Certo, avevo risposto. Sapevo che Alex Caloyeras, l'insegnante dell'asilo, aveva cominciato a parlare ai bambini della poesia, perciò non ero stata colta del tutto di sorpresa. Anzi, a dirla tutta, Alex mi aveva chiesto se potevo andare nella sua classe e fare qualcosa con la poesia per i bambini, ed io avevo accettato, senza pensare a come avrei potuto insegnare qualcosa di poesia a bambini che non sanno né leggere né scrivere".
“Ba moo hab a face like da clock inda hawl see signs on teeves onda gerdenwal,” recitò Abram.
"Bello", dissi, tagliando verdure che probabilmente non sarebbero state mangiate e cominciando a chiedermi in che pasticcio mi fossi messa. Notai, mentre trasformavo le carote in "spade", che Abram continuava a ripetere questi suoni nonsense esattamente, una volta dopo l'altra.
"Cosa stai dicendo?" gli chiesi.
"Ba Moo, di Blahblah Louey Stevason", mi rispose.
Il girono dopo trovai nello zainetto di Abram un fascicoletto spillato di poesie e una nota di Alex che spiegava che, in onore del Mese Nazionale della Poesia, i bambini da tre a cinque anni dell'asilo avrebbero memorizzato alcuni testi e ne avrebbero discusso.

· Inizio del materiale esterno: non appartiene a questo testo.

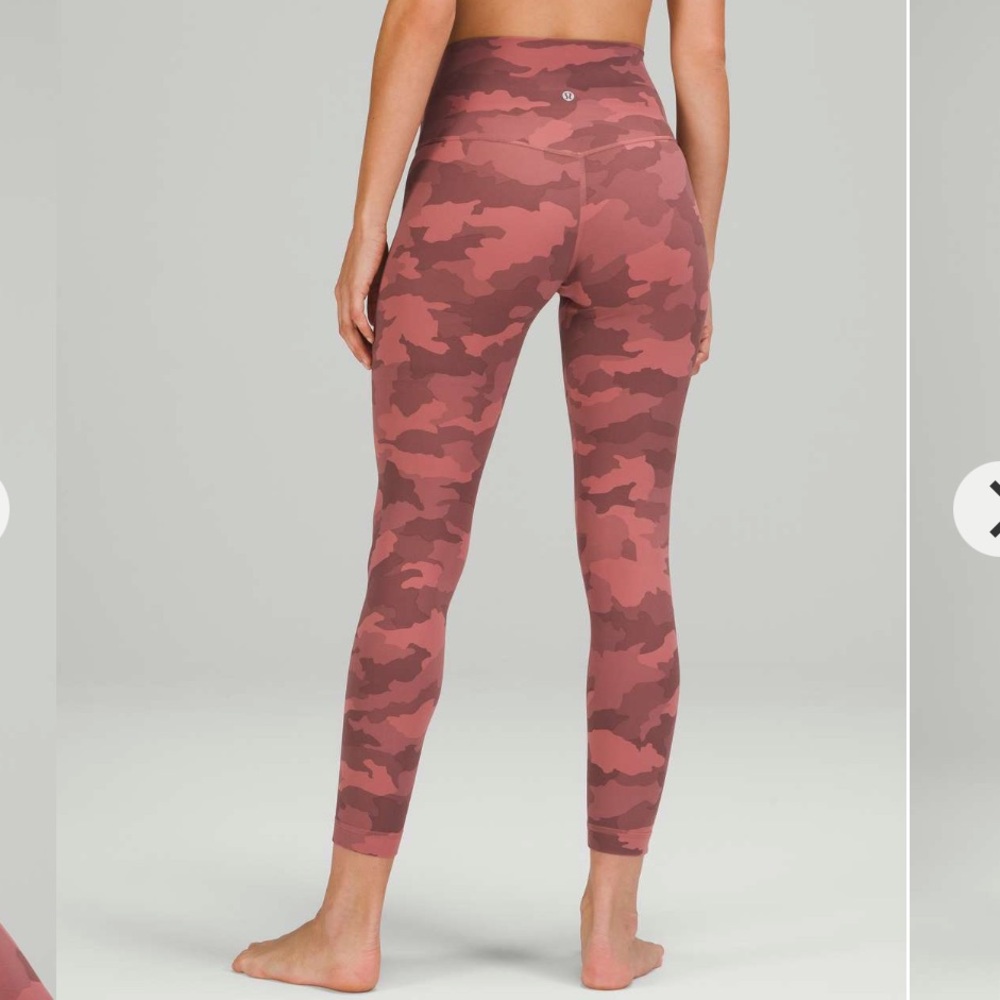 Lululemon Align High-Rise Pant 28" red pink Heritage 365 Camo Brier Rose Multi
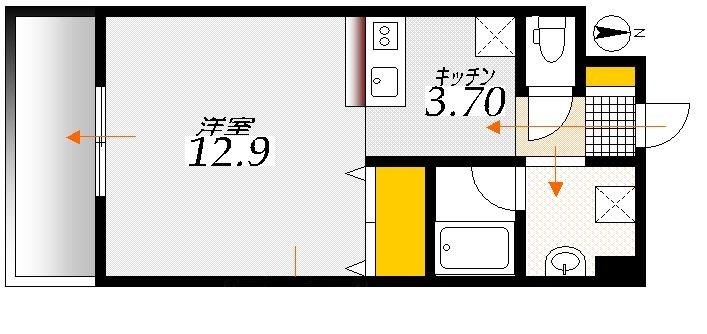 ミロワール舟入の間取り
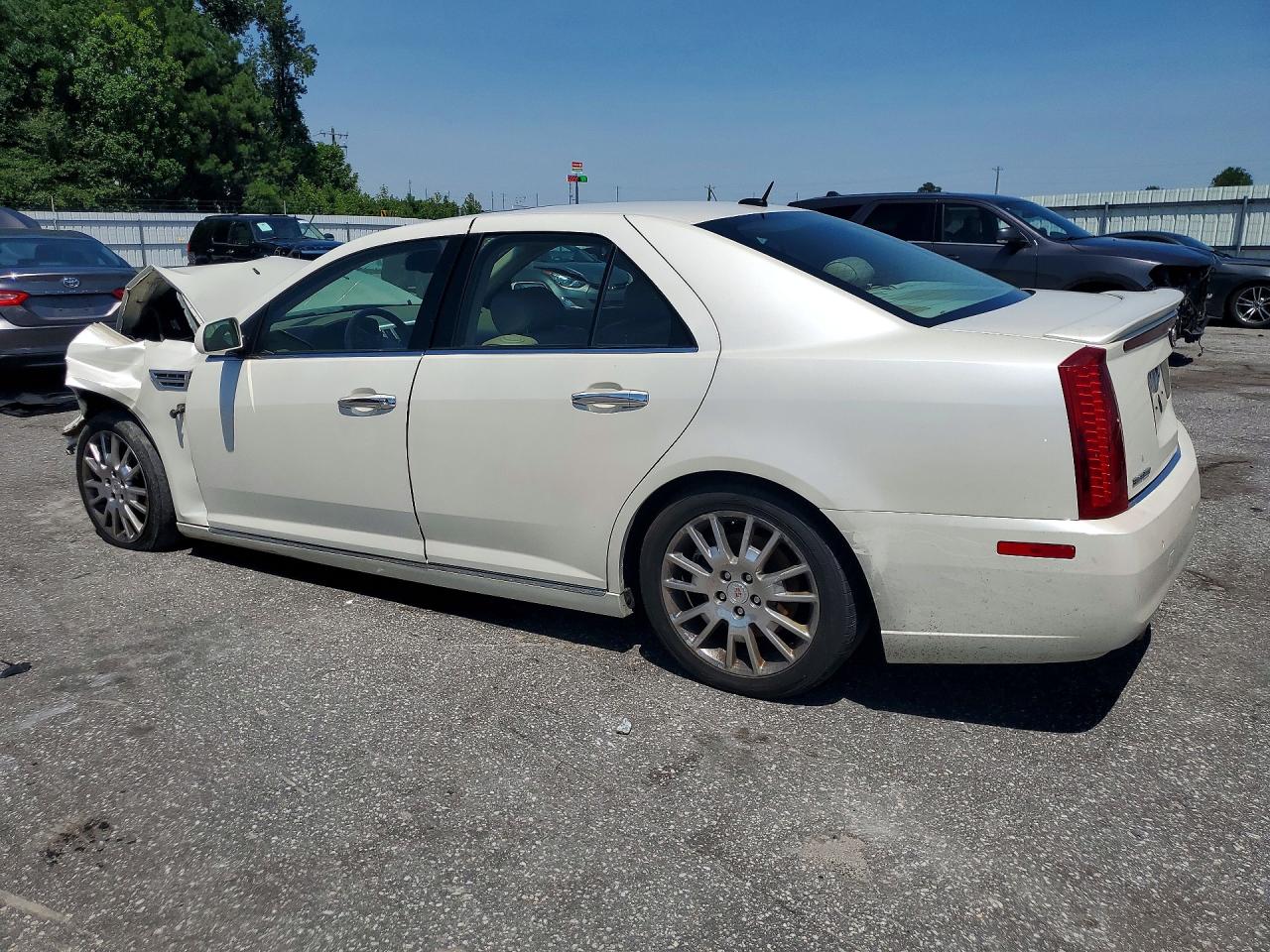 2008 Cadillac Sts White vin: 1G6DW67VX80105373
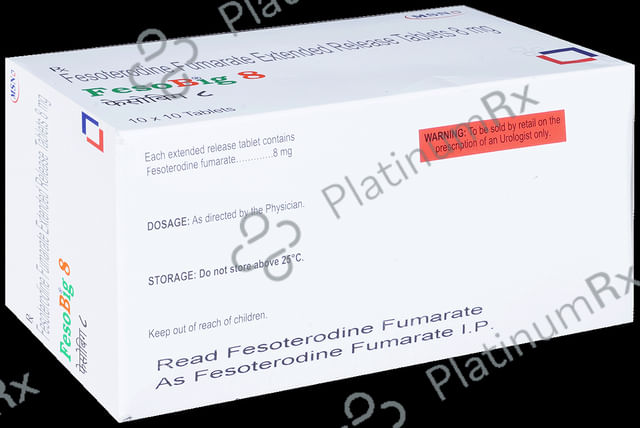 Fesobig 8mg Tablet ER 10s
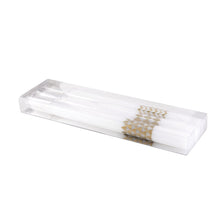 Charger l'image dans la galerie, Bougies flambeau décor doré - lot de 3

Poi, sarebbe andato a parlare con loro un Vero Poeta. Oddio! pensai. Il Vero Poeta sarei io.. E poi vidi "The Moon", di Robert Louis Stevenson.

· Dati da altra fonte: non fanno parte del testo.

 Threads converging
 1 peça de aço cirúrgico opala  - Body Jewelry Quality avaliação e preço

The moon has a face like the clock in hall
She shines on thieves on the garden wall...
[NdT: questo gioco tra i 'versi' recitati da Abram ed il 'vero' testo poetico è sostanzialmente intraducibile. Diciamo che il bambino recita i suoni della poesia, pronunciati in modo infantile]
(...) "Ho qualcosa di molto importante da dirvi...." dico ai bambini nella classe piegandomi verso di loro ed abbassando la mia voce ad un sussurro. "probabilmente voi pensate di avere due occhi, giusto?" Loro annuiscono. "Ebbene, non è così". Si guardano l'uno con l'altro. Alcuni ridono. "Ognuno di voi ha anche un terzo occhio". Una ragazzina mi guarda arrabbiata, con disapprovazione; quella bambina bionda e minuta di prima sembra essersi innervosita. (...)
"Tutti hanno un terzo occhio", spiego. "E' il modo in cui uno vede tutte le cose del mondo che non può veramente vedere, ma che sa che sono lì, come la magia, il modo in cui appaiono i fiori di notte, il modo in cui si comporterebbe una balena facendo finta di essere una principessa". I bambini annuiscono e ridacchiano. "Anche i grandi hanno il terzo occhio, ma... beh, è una cosa molto triste...", sospiro e scuoto le spalle, "i grandi si dimenticano di usarlo e a volte persino di averlo! Quando uno è un poeta deve usare tutto quello che ha, specialmente il terzo occhio. Per voi non c'è nessun problema, perché siete bambini, e i bambini sanno come usare il terzo occhio. Proviamo!"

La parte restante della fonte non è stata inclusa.